Fraenkel’s team also spent months determining the best way to label samples that would enable the ready transfer of important clinical and metadata with each sample but do so in a HIPAA-complaint fashion. The Answer ALS Data Portal connects all this information and was designed to be an easy-to-use resource freely available to scientists, both in academia and industry, around the world.
“We want people to freely use this data,” Rothstein says. “This paper is us introducing it to the world.”
From Wallach’s perspective, this paper is a major breakthrough in ALS research. “This work showed it was possible to enroll a large number of patients and gather data from them over a long period of time. That had never been done before in ALS,” he says. “It shows the possibility of what we can do in the field.”

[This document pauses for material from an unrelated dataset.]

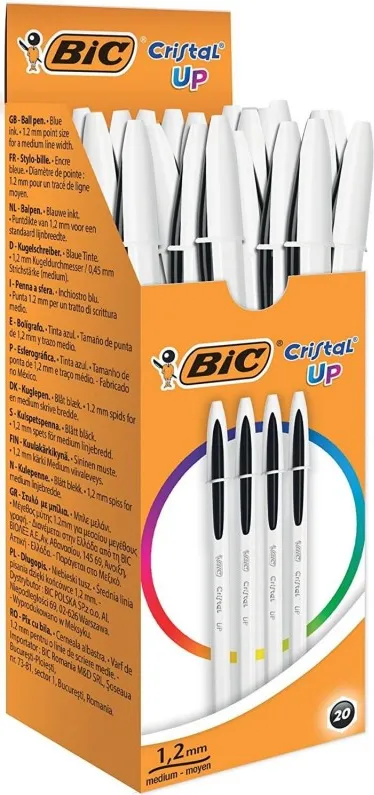 BOLÍGRAFO BIC UP NEGRO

Unit leading co-authors include: Emily Baxi, PhD, Answer ALS Program Director; Nicholas Maragakis, MD at Johns Hopkins Medicine and James Berry, MD, MPH at Massachusetts General Hospital, who co-coordinated the clinical aspects of the program; Clive Svendsen, PhD of Cedars-Sinai Medical Center in Los Angeles, who coordinated the stem cell research; Leslie Thompson, PhD of the University of California, Irvine, who oversaw the -omics analyses; Jennifer Van Eyk, PhD who has carried out the proteomics; Ernest Fraenkel, PhD at MIT and Steve Finkbeiner, MD, PhD at the Gladstone Institutes who analyzed and managed the volumes of data; Raquel Norel at IBM Watson, who developed machine learning algorithms to analyze data collected from a smartphone app; and Terri Thompson, PhD, data and portal director for Answer ALS.